On se demande pourquoi, dans un état si pénible, les suicides ne sont pas plus fréquents; car la mort est le remède à l'irréparable. Mais de ce que les criminels ne se tuent presque jamais, on ne doit point en conclure qu'ils sont moins malheureux que les hommes qui se résolvent au suicide. Sans parler même du vague effroi que doit inspirer aux coupables ce qui peut suivre cette vie, il y a quelque chose de sensible ou de philosophique dans l'action de se tuer, qui est tout à fait étranger à l'être dépravé.

Si l'on quitte la vie pour échapper aux peines du coeur, on désire laisser quelques regrets après soi; si l'on est conduit au suicide par un profond dégoût de l'existence, qui sert à juger la destinée humaine, il faut que des réflexions profondes, de longs retours sur soi, aient précédé cette résolution; et la haine qu'éprouve l'homme criminel contre ses ennemis, le besoin qu'il a de leur nuire, lui feraient craindre de les laisser en repos par sa mort: la fureur dont il est agité, loin de le dégoûter de la vie, fait qu'il s'acharne davantage à tout ce qui lui a coûté si cher. Un certain degré de peine décourage et fatigue; l'irritation du crime attache à l'existence par un mélange de crainte et de fureur; elle devient une sorte de proie qu'on conserve pour la déchirer.

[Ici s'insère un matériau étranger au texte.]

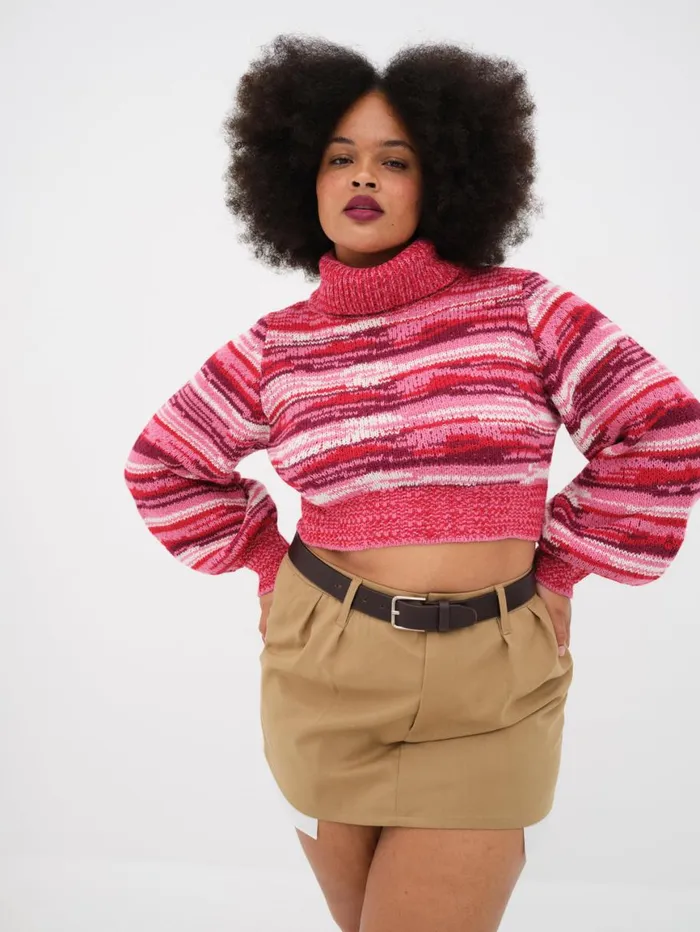 Women Knitwear For Love and Lemons Wilma Cropped Turtleneck Red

D'ailleurs, un caractère particulier aux grands coupables, c'est de ne point s'avouer à eux-mêmes le malheur qu'ils éprouvent, l'orgueil le leur défend; mais cette illusion, ou plutôt cette gêne intérieure, ne diminue rien de leurs souffrances, car la pire des douleurs est celle qui ne peut se reposer sur elle-même. Le scélérat est inquiet et défiant au fond de sa propre pensée; il traite avec lui-même comme avec une sorte d'ennemi; il garde avec sa réflexion quelques-uns des ménagements qu'il observe pour se montrer au public; et, dans un tel état, il n'existe jamais l'espèce de calme méditatif, d'abandon à la réflexion, qu'il faut pour contempler toute la vérité et prendre d'après elle une résolution irrévocable.

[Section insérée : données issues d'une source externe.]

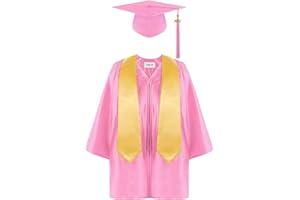 HHSBEAUTY Graduation Cap and Gown Set for Kids,Unisex Boys Girls Primary School with Matching Hat & Tassel Kindergarten Primary School Boys Girls Dress Up Props 4 Set Age 212 Kid Long You Sound like A Girl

Le courage qui fait braver la mort n'a point de rapport avec la disposition qui décide à se la donner: les grands criminels peuvent être intrépides dans le danger; c'est une suite de l'enivrement, c'est une émotion, c'est un moyen, c'est un espoir, c'est une action; mais ces mêmes hommes, quoique les plus malheureux des êtres, ne se tuent presque jamais, soit que la Providence n'ait pas voulu leur laisser cette sublime ressource, soit qu'il y ait dans le crime une ardente personnalité qui, sans donner aucune jouissance, exclut les sentiments élevés avec lesquels on renonce à la vie.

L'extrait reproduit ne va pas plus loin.